* _Assignment_: Nothing but the line with "Afra Singlet - Alabaster" and the lines after it should appear, each retyped exactly as in the listing.

-- Input data follows --

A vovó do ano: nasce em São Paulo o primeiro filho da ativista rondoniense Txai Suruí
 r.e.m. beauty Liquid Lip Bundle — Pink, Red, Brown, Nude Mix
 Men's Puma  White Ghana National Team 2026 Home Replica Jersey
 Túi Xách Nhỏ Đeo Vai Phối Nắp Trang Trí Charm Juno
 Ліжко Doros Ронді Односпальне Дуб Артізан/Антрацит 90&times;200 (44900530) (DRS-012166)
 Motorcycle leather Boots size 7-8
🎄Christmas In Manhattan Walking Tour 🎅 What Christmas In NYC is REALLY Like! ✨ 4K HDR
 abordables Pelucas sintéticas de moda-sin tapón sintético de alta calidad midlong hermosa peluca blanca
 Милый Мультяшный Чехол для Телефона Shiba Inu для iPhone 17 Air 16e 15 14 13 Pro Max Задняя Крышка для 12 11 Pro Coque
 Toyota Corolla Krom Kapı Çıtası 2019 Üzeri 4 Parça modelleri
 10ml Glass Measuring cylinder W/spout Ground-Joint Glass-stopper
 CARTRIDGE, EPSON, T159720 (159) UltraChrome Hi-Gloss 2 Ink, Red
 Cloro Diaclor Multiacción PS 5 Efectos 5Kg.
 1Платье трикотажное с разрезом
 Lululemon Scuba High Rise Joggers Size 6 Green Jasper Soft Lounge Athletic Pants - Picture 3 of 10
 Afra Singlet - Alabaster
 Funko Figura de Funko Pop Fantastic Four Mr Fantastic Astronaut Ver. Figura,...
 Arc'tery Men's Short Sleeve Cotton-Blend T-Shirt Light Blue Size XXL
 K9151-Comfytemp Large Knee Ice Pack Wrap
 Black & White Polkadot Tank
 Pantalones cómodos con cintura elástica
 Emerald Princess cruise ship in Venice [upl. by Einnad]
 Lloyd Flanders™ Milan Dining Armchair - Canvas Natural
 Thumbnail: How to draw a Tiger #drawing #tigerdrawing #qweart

-- Input data concluded --

* _Answer to this exercise_:
 Afra Singlet - Alabaster
 Funko Figura de Funko Pop Fantastic Four Mr Fantastic Astronaut Ver. Figura,...
 Arc'tery Men's Short Sleeve Cotton-Blend T-Shirt Light Blue Size XXL
 K9151-Comfytemp Large Knee Ice Pack Wrap
 Black & White Polkadot Tank
 Pantalones cómodos con cintura elástica
 Emerald Princess cruise ship in Venice [upl. by Einnad]
 Lloyd Flanders™ Milan Dining Armchair - Canvas Natural
 Thumbnail: How to draw a Tiger #drawing #tigerdrawing #qweart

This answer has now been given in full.